> [Exercise requirements] Every line of the listing should be retyped exactly, but none of the pictures should be.

> [Dataset content]
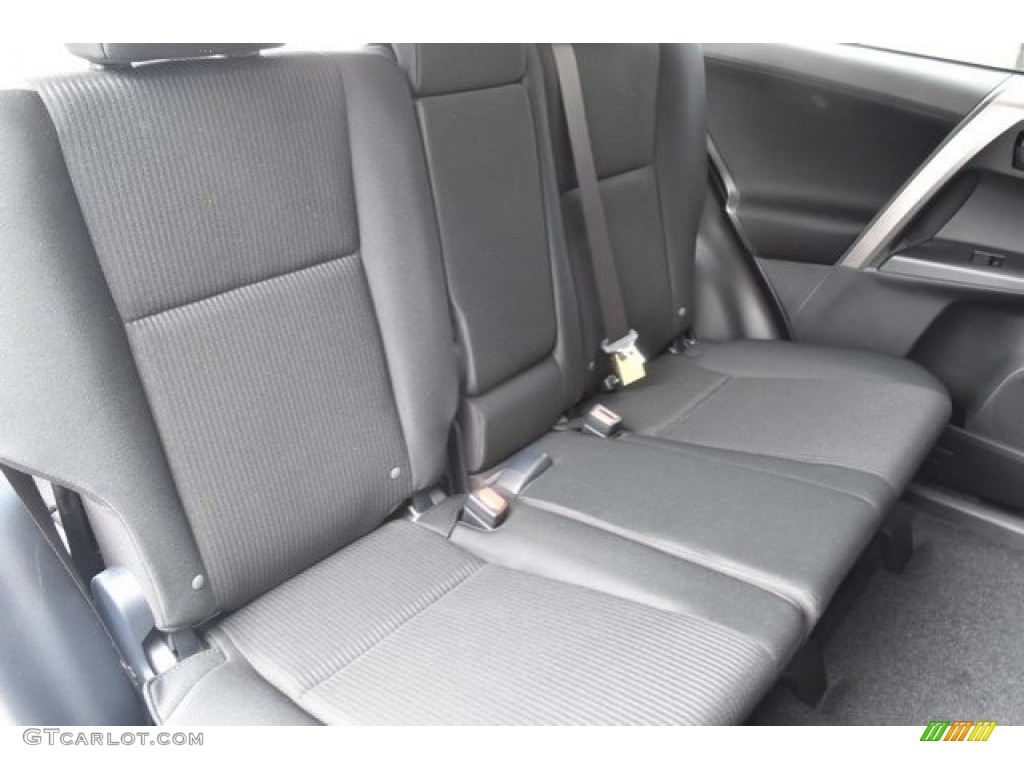 2018 RAV4 LE - Super White / Black photo #18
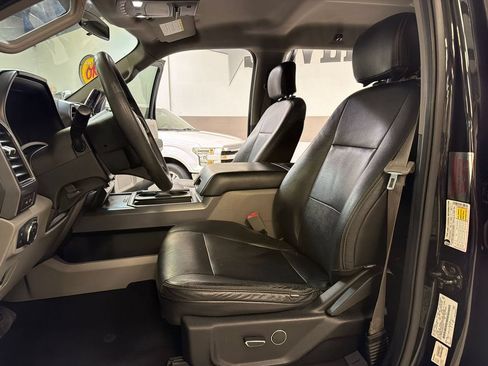 Used 2019 Ford F250 XLT w/ XLT Premium Package AWD/4WD image 26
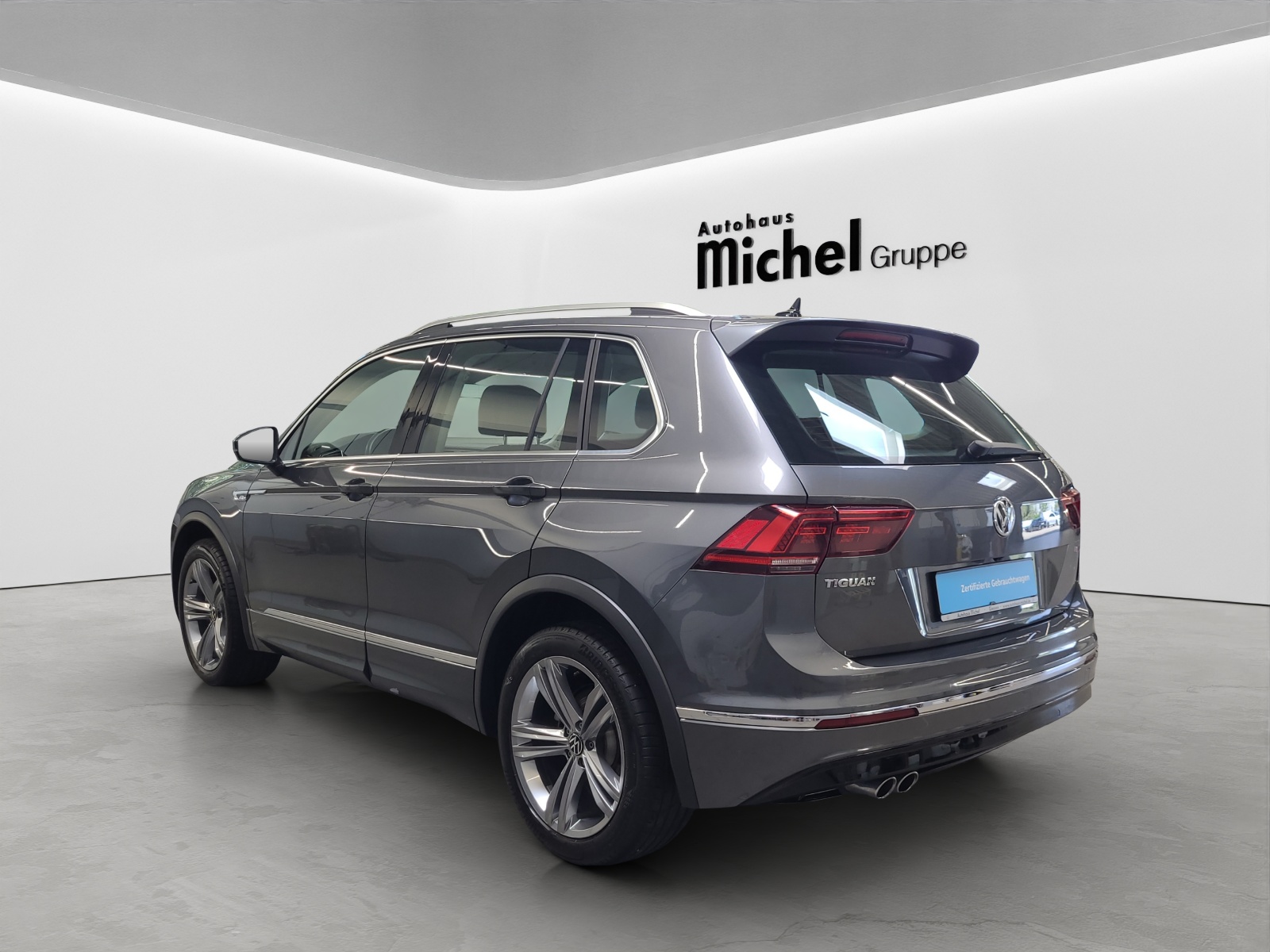 Tiguan TSI DSG 4M Highline R-Line Ext. LED ACC Navi Kamera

> [Answer area]
 2018 RAV4 LE - Super White / Black photo #18
 Used 2019 Ford F250 XLT w/ XLT Premium Package AWD/4WD image 26
 Tiguan TSI DSG 4M Highline R-Line Ext. LED ACC Navi Kamera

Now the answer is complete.